Here, the parties concede that, at its present stage, the Commissioner’s .examination is purely investigatory. To the extent the examinations do not impose any duty or obligation upon Alliance as crop insurers to process claims in a certain way, Alliance may comply with both state and federal law. The Commissioner’s proposed examination may-well serve a useful purpose and disclose material differences between the two systems. It may even expose substantial potential deficiencies, shortcomings, and unfairness in the claims procedures dictated by the regulations promulgated by the federal corporation. If, in fact, the “FCIC, as always, remains open to suggestions from any person, including State insurance regulatory bodies, on ways to improve the program including changes in policy terms of [sic] conditions,” 55 Fed.Reg. 23066-01, 23067 (June 6, 1990), one might think that it and the appellants would welcome the Minnesota Commissioner’s investigation instead of spending time going to federal court to try to stop it.

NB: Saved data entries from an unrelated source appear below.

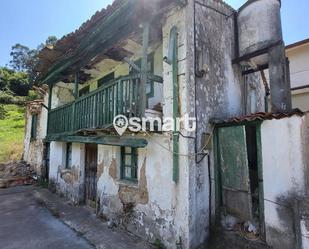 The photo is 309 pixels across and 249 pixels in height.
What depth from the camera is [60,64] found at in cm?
803

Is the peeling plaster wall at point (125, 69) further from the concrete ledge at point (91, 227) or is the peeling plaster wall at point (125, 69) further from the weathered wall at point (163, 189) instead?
the concrete ledge at point (91, 227)

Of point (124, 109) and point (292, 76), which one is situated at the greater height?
point (292, 76)

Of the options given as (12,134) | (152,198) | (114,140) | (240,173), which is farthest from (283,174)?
(12,134)

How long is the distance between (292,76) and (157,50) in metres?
6.74

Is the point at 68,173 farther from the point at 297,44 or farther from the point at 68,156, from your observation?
the point at 297,44

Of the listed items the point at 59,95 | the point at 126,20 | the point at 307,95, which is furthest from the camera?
the point at 59,95

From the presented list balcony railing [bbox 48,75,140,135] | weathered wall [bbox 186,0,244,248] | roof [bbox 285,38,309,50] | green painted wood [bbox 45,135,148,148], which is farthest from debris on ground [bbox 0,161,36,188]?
roof [bbox 285,38,309,50]

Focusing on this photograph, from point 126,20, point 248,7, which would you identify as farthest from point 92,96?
point 248,7

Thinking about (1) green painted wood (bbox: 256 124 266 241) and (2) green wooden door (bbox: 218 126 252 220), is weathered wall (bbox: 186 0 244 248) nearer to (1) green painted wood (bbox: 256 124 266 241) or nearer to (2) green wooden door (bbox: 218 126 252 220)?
(2) green wooden door (bbox: 218 126 252 220)

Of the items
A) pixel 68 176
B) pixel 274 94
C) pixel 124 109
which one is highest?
pixel 274 94

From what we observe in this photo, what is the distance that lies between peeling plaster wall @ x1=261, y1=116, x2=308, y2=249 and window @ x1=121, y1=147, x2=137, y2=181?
135 inches

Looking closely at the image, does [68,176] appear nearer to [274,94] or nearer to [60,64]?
[60,64]

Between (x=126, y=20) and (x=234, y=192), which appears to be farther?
(x=126, y=20)

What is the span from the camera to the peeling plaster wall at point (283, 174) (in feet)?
12.3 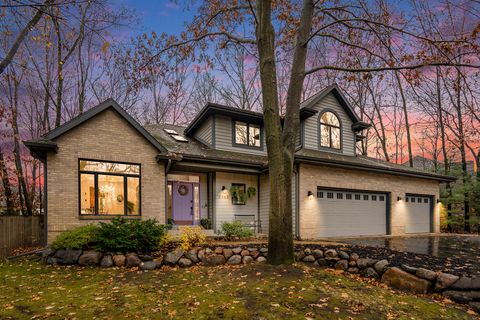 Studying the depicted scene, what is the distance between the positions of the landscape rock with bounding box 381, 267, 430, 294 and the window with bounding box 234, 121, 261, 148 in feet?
31.0

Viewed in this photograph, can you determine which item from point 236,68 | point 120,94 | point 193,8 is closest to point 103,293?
point 193,8

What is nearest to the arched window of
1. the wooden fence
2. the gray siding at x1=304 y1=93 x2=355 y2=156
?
the gray siding at x1=304 y1=93 x2=355 y2=156

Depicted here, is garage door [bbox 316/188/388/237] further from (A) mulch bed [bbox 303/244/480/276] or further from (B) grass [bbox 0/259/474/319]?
(B) grass [bbox 0/259/474/319]

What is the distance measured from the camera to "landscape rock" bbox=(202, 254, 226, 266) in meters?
8.94

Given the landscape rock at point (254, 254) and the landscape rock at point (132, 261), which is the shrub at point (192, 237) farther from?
the landscape rock at point (254, 254)

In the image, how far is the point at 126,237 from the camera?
9047mm

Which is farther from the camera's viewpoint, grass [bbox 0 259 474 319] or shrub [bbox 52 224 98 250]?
shrub [bbox 52 224 98 250]

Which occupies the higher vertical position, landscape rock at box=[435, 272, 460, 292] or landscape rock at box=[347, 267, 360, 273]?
landscape rock at box=[435, 272, 460, 292]

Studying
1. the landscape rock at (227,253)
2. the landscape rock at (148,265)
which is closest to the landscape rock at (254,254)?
the landscape rock at (227,253)

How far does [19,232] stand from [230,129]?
9.37 meters

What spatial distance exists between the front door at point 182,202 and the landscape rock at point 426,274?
9687 millimetres

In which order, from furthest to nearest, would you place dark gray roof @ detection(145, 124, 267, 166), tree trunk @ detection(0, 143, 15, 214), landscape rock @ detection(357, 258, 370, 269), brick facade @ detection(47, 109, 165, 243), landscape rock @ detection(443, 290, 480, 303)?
tree trunk @ detection(0, 143, 15, 214), dark gray roof @ detection(145, 124, 267, 166), brick facade @ detection(47, 109, 165, 243), landscape rock @ detection(357, 258, 370, 269), landscape rock @ detection(443, 290, 480, 303)

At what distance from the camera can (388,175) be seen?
17047 millimetres

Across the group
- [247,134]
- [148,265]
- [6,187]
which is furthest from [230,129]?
[6,187]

Should the Commissioner attempt to impose claims handling duties or obligations upon Alliance in the performance of crop insurance policies, the circumstances would be altered substantially. The district court found that, to the extent the Commissioner discovers violations of Minnesota law authorized or required by FCIA, his authority to regulate Alliance is preempted. We hold likewise. Thus far, the Commissioner has only sought to inquire into the actipns of a private insurance company’s treatment of Minnesota crop insurance policyholders. We find that the Commissioner’s inquiry is not inconsistent with FCIA; therefore, it is not preempted to the extent it is limited in scope and does not stand as an obstacle to the accomplishment of the purpose of the FCIA.

Alliance also argues that the Commissioner’s market conduct examinations are improper because the Commissioner seeks *553to require Alliance to pay the Commissioner’s expenses for conducting the regulatory investigation. The Commissioner urges that it is not the purpose of the examinations to impose duties or obligations. See Minn.Stat. § 60A.03, subd. 2 (charging the Commissioner with the duty of enforcing Chapter 72A); Minn.Stat. § 60A.031, subd. 2a (authorizing examinations so Commissioner can fulfill his duty to enforce Chapter 72A). Alliance’s concern has merit. Should the Commissioner attempt to require Alliance to pay the cost of the Commissioner’s investigation, then the Commissioner might well be imposing the type of individual state obligation that uniform federal legislation is designed to avoid.

We conclude that the district court did not err in finding that the FCIA and regulations promulgated pursuant to it do not wholly preempt regulatory insurance standards contained in Minnesota Statutes Chapter 72A or the Commissioner’s jurisdiction under Minnesota Statute § 60A.031 to examine Alliance’s insurance affairs, practices, and conditions. However, we, as did the district court, note that the Commissioner must tread carefully in its investigation to “avoid running afoul of the FCIA.”

III.

We affirm the district court’s grant of summary judgment in favor of the Commissioner.

. The Honorable Donovan W. Frank, United States District Judge for the District of Minnesota.

. This .provision is designed to ensure that insurance companies handle their policy holders’ claims in a reasonable manner.

. Bernstein has since been succeeded as Commissioner by Glenn R. Wilson.

. This statute allows the Commissioner to enforce the reasonableness standards identified in Minnesota Statutes Chapter 72A through examinations of insurance companies and "all aspects of the examinee's affairs, practices, and conditions.” Minn.Stat. § 60A.031, subd. 2a.

. U.S. Const, art. VI, cl. 2.

. Federal law preempts state law with which it actually "conflicts.” Such a conflict exists if either (1) compliance with both the state and federal laws is a physical impossibility or (2) state law stands as an obstacle to the accomplishment of the purposes of Congress. Boggs v. Boggs, 520 U.S. 833, 844, 117 S.Ct. 1754, 138 L.Ed.2d 45 (1997).